Read This, Part 1

Below is the first of what I hope to make into a regular, weekly feature. It's a short list of long reads or pieces of analysis on international relations and security which I find insightful in one way or another. Bookmark this for later and let me know if you found it useful at all.

This is an issue that has been simmering for a long time. Recently, nationalists and proponents of partition and ethnic cleansing have felt emboldened and that should worry everyone. Keep this on your radar if it's not there already.

Despite questions over whether they even have a mandate to do so, Serbian President Aleksandar Vucic and his Kosovo counterpart Hashim Thaci have embarked on high-level talks that could envision Kosovo's Serb-dominated north coming under Belgrade's rule in exchange for the Albanian-dominated Presevo Valley in south Serbia being handed to Pristina.

The idea is incendiary enough that Thaci has avoided calling it a redrawing of borders, but instead uses the phrase "correction" to describe any possible changes.

But no matter what the wording, Western diplomats, Balkan analysts, and even those on the ground say any moving of the borders could destabilize a region that has struggled to come to terms with the violent breakup of the former Yugoslavia.

Perhaps even worse, it is feeding tensions between Serbia's traditional ally Russia, which has been trying to gain influence in the region, and NATO and the European Union, which want to bring the countries into Western structures.

In which it is argued that, because of the combination of uncertainty emanating from Washington and the range of external threats to Europe, Germany and France need to explore the possibility of a joint nuclear deterrent. It is an under-explored subject which deserves some consideration.

NATO remains the most (powerful and) appropriate framework, if adapted, for a German-French initiative for a joint nuclear deterrent. In all of this, accurately perceiving and judging U.S. intentions remains fundamental for Germany’s grand strategy-making to draw the right conclusions in the present with a clear view to the future.

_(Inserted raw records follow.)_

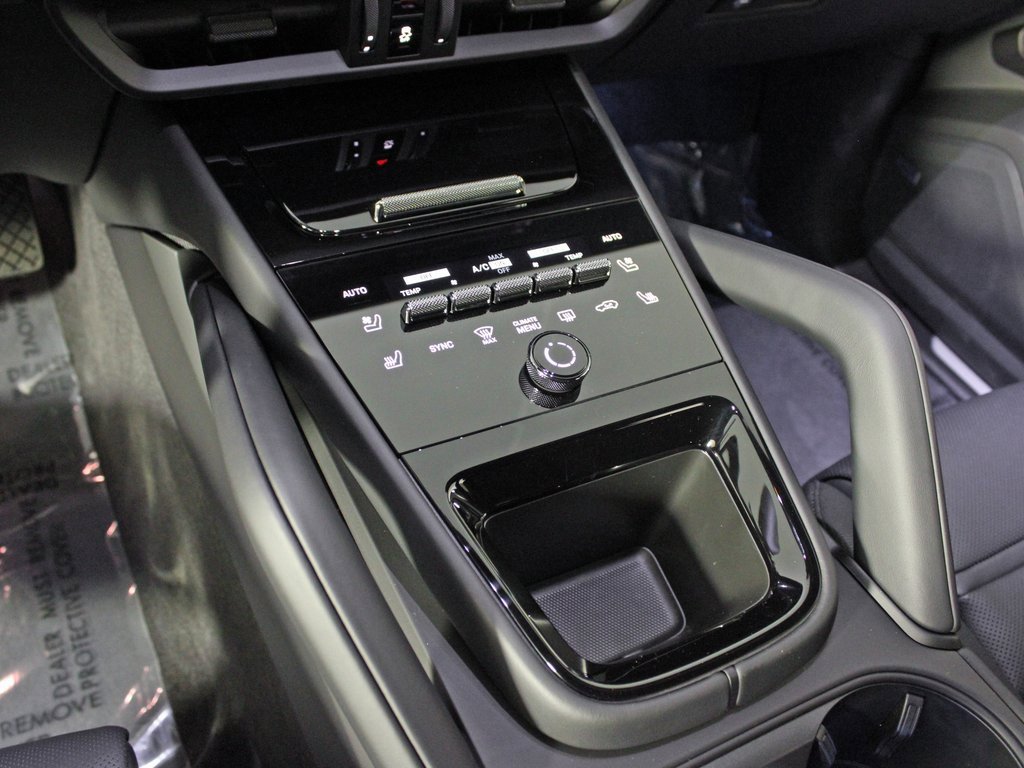 New 2026 Porsche Cayenne image 30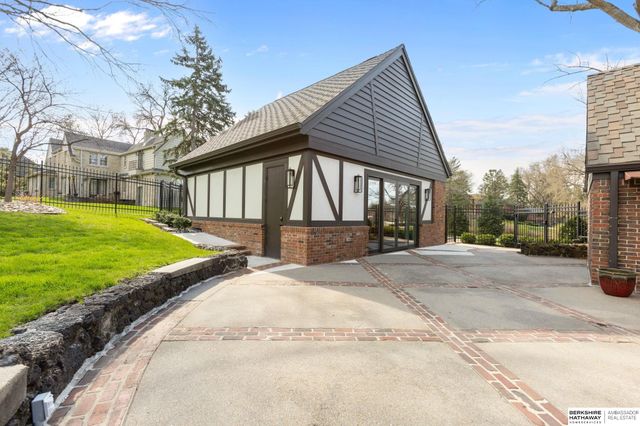 6724 Davenport Street, Omaha, NE 68132
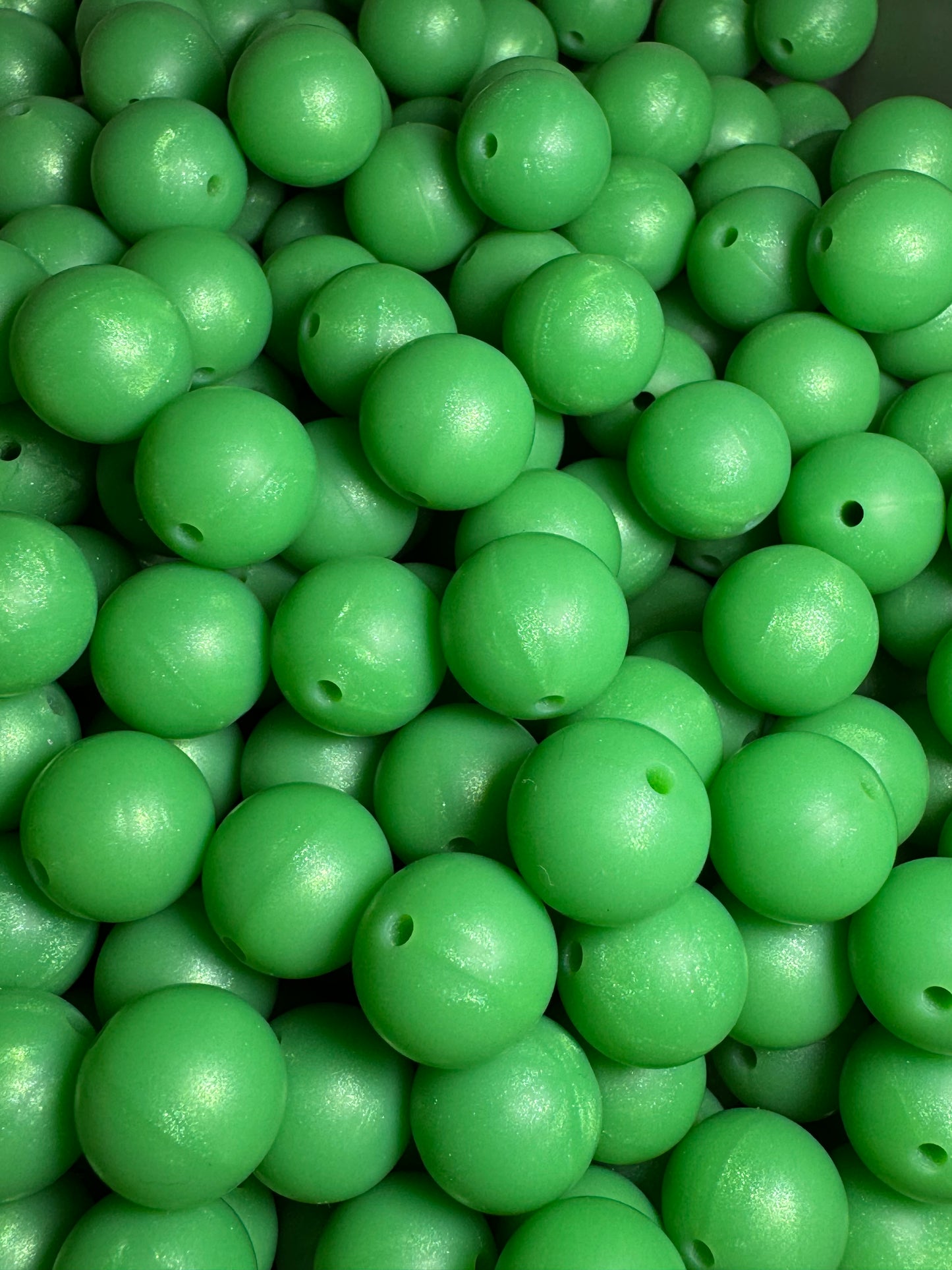 Green Pearl 15mm Solid Color Silicone Bead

A deep dive into de Gaulle's vision of Europe with some takeaways for today. Thought-provoking if nothing else.

If European nation-states were as organized and vital as the populists claim, should they not be able to cast off the cloak of supranational oppression much more easily than they have shown so far?

One suspects, on the contrary, that they have projected their own weakness onto a mirror they call Brussels. Were they to shatter it—and that may still happen—all European peoples would find out that the reflection they deplore is their own. The European Union may well be weak and uninspiring, but we Europeans would be better off accepting that its troubles are our own troubles—that the age of European hegemony is now over, and the Rhine River has no claim whatsoever to be what it still was when de Gaulle was born: the center of the world.

If you, like me, are a stickler for the intricacies of Black Sea security, this piece is definitely for you.

Shortly after its 2004 accession to NATO, Romania began a series of initiatives aimed at stabilizing the Black Sea region by increasing cooperation among neighbors and boosting its strategic profile. The Black Sea NGO Forum as well as various diplomatic overtures to improve strained relations with neighbors Ukraine, Moldova, and Georgia offer several examples.

Bucharest proved unable to solve its perceived security problems with NATO and E.U. tools. Within both organizations, Romania warned of Black Sea insecurity. While both promised to listen, they failed to prevent the disastrous 2008 Russo-Georgian war. At the E.U. level, Bucharest proposed the “Black Sea Synergy” in 2008. Yet its attempts to transform the initiative into a regional E.U. strategy failed, and the union continued to view Russia as a partner even after Moscow invaded its southern neighbor.

Turned away by the European Union, Romania went knocking on NATO’s door. After the 2008 Russo-Georgian war Bucharest insisted the Black Sea should become a NATO priority and in the aftermath of the 2014 annexation of Crimea the alliance agreed to prioritize the Black Sea rhetorically, if not actively.

The best English-language piece on the protests that I've come across so far.

Despite the overwhelmingly peaceful nature of the protests, police and gendarmes used tear gas to disperse the crowds from 4pm on Friday onwards. By 11pm, they received orders to clear the square. They did so using tear gas, water cannons, pepper spray, and by beating protestors with batons. This was one of the largest and most violent repressions the country has seen since 1990. Videos and images of police violence continue to circulate on social media, and demonstrators are demanding that the government respect European norms about the right to peaceful assembly and personal security.